Und was ist mit den Weibchen? Müssen diese schicksalsergeben all die durchgeknallten Männchen ertragen, die völlig kopflos über sie herfallen und wahllos alles begatten, was nicht bei drei auf den Bäumen ist? Nun … ja. Müssen sie. Allerdings haben die Weibchen viel mehr zu sagen, als es auf den ersten Blick den Anschein haben mag. In der Tat dürften die Weibchen jeder Spezies im Lauf der Evolution einen wesentlichen Anteil daran gehabt haben, dass ein solches Durcheinander überhaupt entstehen konnte.
POSSUM ODER OPOSSUM, DAS IST HIER DIE FRAGE
Als Heimat der Beuteltiere – beispielsweise des Antechinus – gilt der australische Kontinent. Doch Beuteltiere sind auch in Nord- und Südamerika beheimatet. (Die einzige Art, die in den USA vorkommt, nennt sich Opossum. Possums ohne O sind die australasischen Verwandten.) Vermutlich sind Beuteltiere ursprünglich sogar auf dem amerikanischen Doppelkontinent entstanden und dann vor schätzungsweise 60 Millionen Jahren über die Antarktis nach Australien ausgewandert, als die Kontinente noch zusammenhingen. Nicht dass ich jetzt hier stellvertretend für Amerika die Beuteltier-Lorbeeren beanspruchen will. Ich will es nur erwähnt haben.

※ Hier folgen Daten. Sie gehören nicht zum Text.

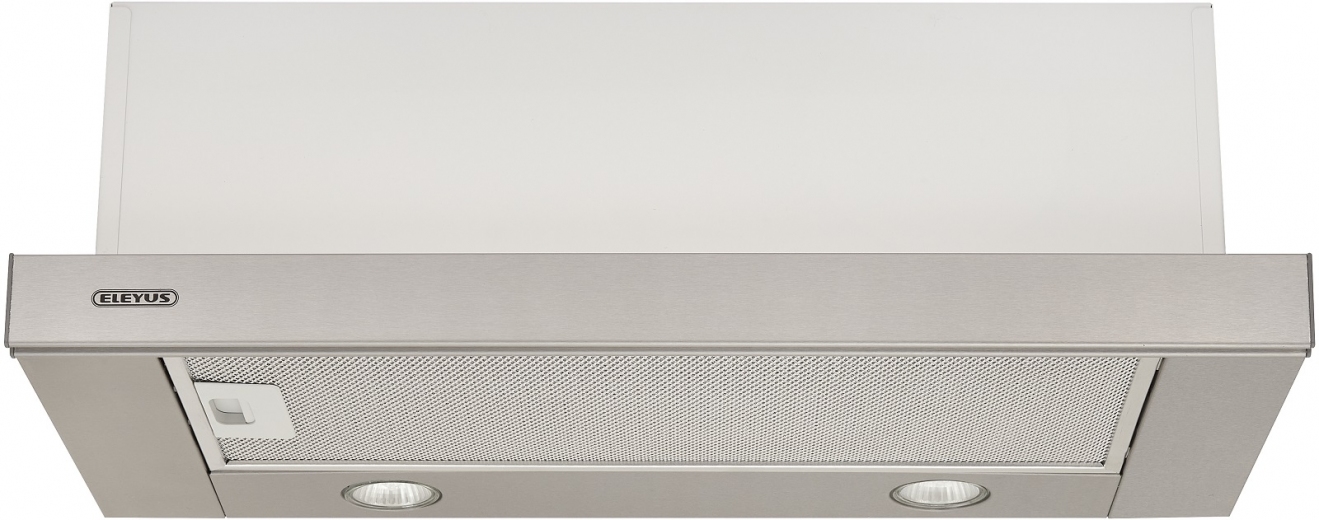 Вытяжка Eleyus Breeze 700 50 IS - фото Вытяжка Eleyus Breeze 700 50 IS - фото - интернет-магазин электроники и бытовой техники TTT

Antechinus ist ein Insektenfresser, und für einen australischen Insektenfresser gibt es nichts Aufregenderes als den Frühling, weil da jedwede Insektenpopulation regelrecht explodiert. Im Frühling will unser Beuteltier auch seine Jungen aufziehen, gerade weil überall genügend Futter kreucht und fleucht – allerdings nicht so sehr für den Nachwuchs, als vielmehr für das Muttertier. Im Vergleich zu anderen Säugern – dem Pferd beispielsweise, dessen Fohlen bei der Geburt quasi auf die Hufe fällt und losprescht (na ja, genau genommen stolpern Fohlen eher los, aber sei’s drum) – kommt die Beutelmaus verhältnismäßig unterentwickelt zur Welt. Daher muss die Beutelmäusin ihre Jungtiere erst mal ziemlich lange säugen und aufpäppeln, und dafür braucht sie jede Menge Energie. (Die Jungen liegen auch nicht in ihrem Beutel, wie wir es von Koalas und Kängurus kennen, sondern in einer Art Bauchfalte.) Treibstoff für das Muttertier sind die Insekten. Breitfuß-Beutelmausweibchen scheinen im Lauf der Evolution ihre Paarungszeit überdies verkürzt zu haben, sodass die Entwöhnung der Jungen von der Muttermilch und die erste Aufnahme fester Nahrung in etwa auf denselben Zeitpunkt fallen, an dem das Insektenfutterangebot am größten ist. So ist das Überleben der Jungtiere optimal gesichert.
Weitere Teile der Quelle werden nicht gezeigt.